Este blá, blá, blá, todo é para registrar uma indagação: Não seria interessante que as crianças de hoje tivessem oportunidade de terem, também, noções de música?
Não sei se a intenção (afinal quem pode saber de intenções?) foi eleitoreira, mas eu não considero inoportuna a Lei.
Desculpe-me o alongamento do texto.

Gosto sempre de suas crônicas.

Um abraço

Jandyra

Juca disse...

A Lei é oportuna, o que me parece é que ela não foi feita para funcionar, apenas para dar uma desculpa para pessoas da sociedade que, como você, sabem dos benefícios de se estudar música.
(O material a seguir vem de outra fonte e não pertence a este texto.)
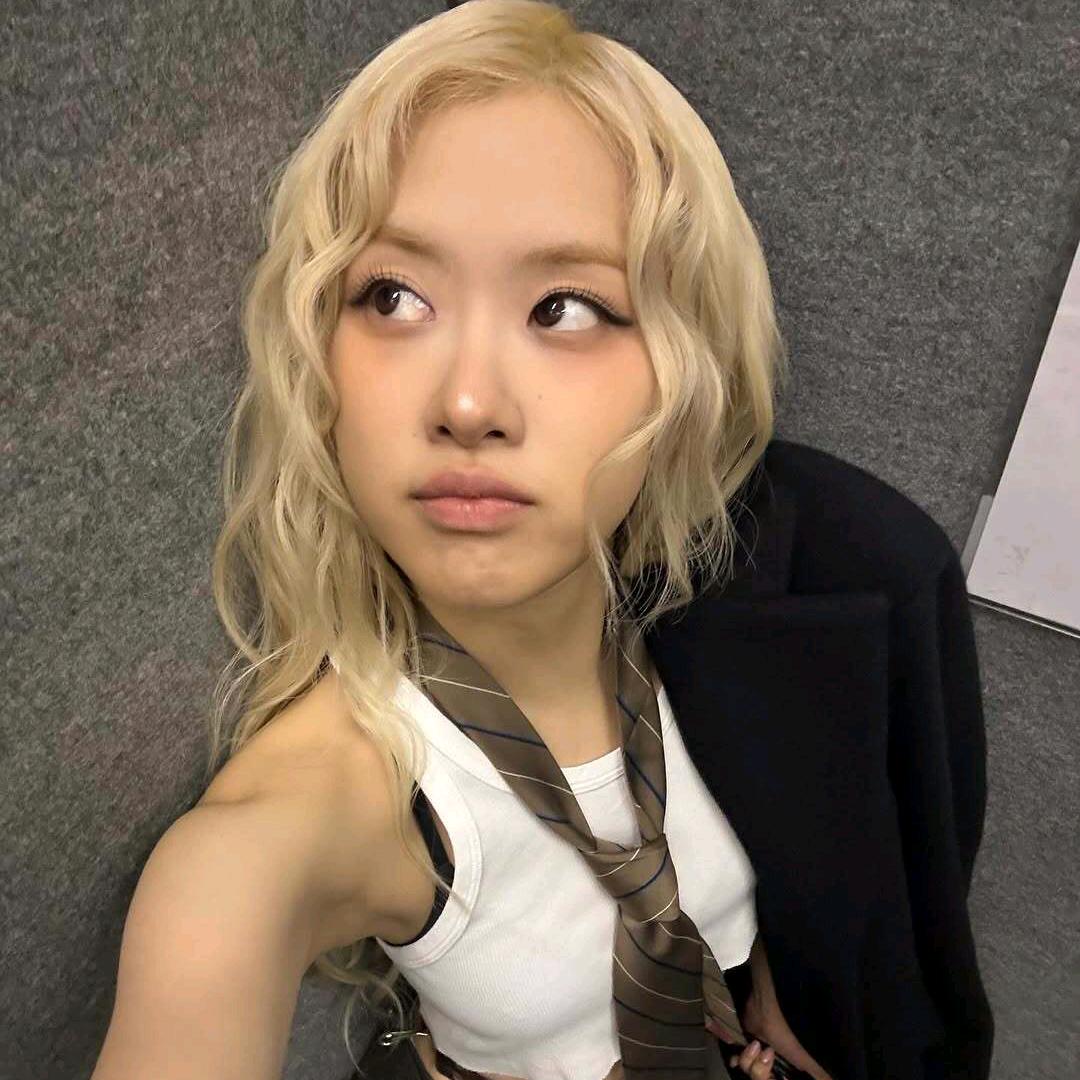 大蒜蒜蒜·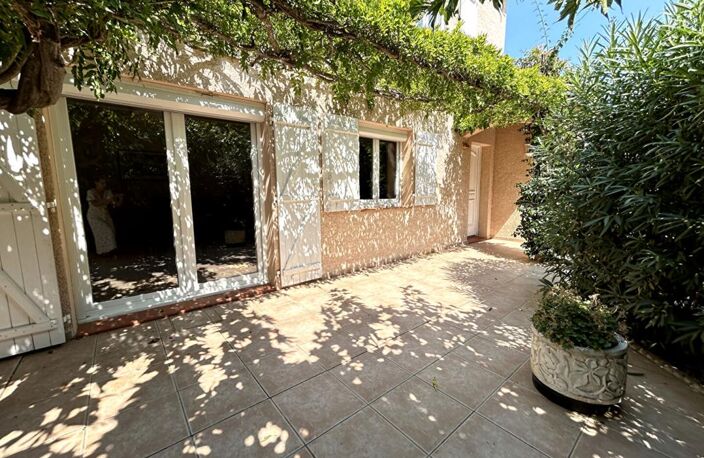 Maison familiale 165 m2 sur parc arboré de 1 005 m2 avec piscine — photo 2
No caso, por exemplo, da Fames a demanda era por aluas de canto lírico - em moda por conta de programas de TV e igrejas evangélicas - e piano. No caso do piano, que eu até leciono voluntariamente embora não me considere um profissional da coisa, é que fica difícil: o instrumento é caro, tem que ter manutenção e as aulas têm que ser individuais. O mesmo vale para mais um monte de instrumentos. O que o governo fez é o mesmo que querer ensinar ciências sem pressupor um laboratório, ou literatura sem bibliotecas.

O fato do próprio texto que fiz ter deixados alguns buracos é bom que a gente vai estendendo a conversa, não é?

Obrigado pelo retorno e pela atenção, vamos juntos. Bjs.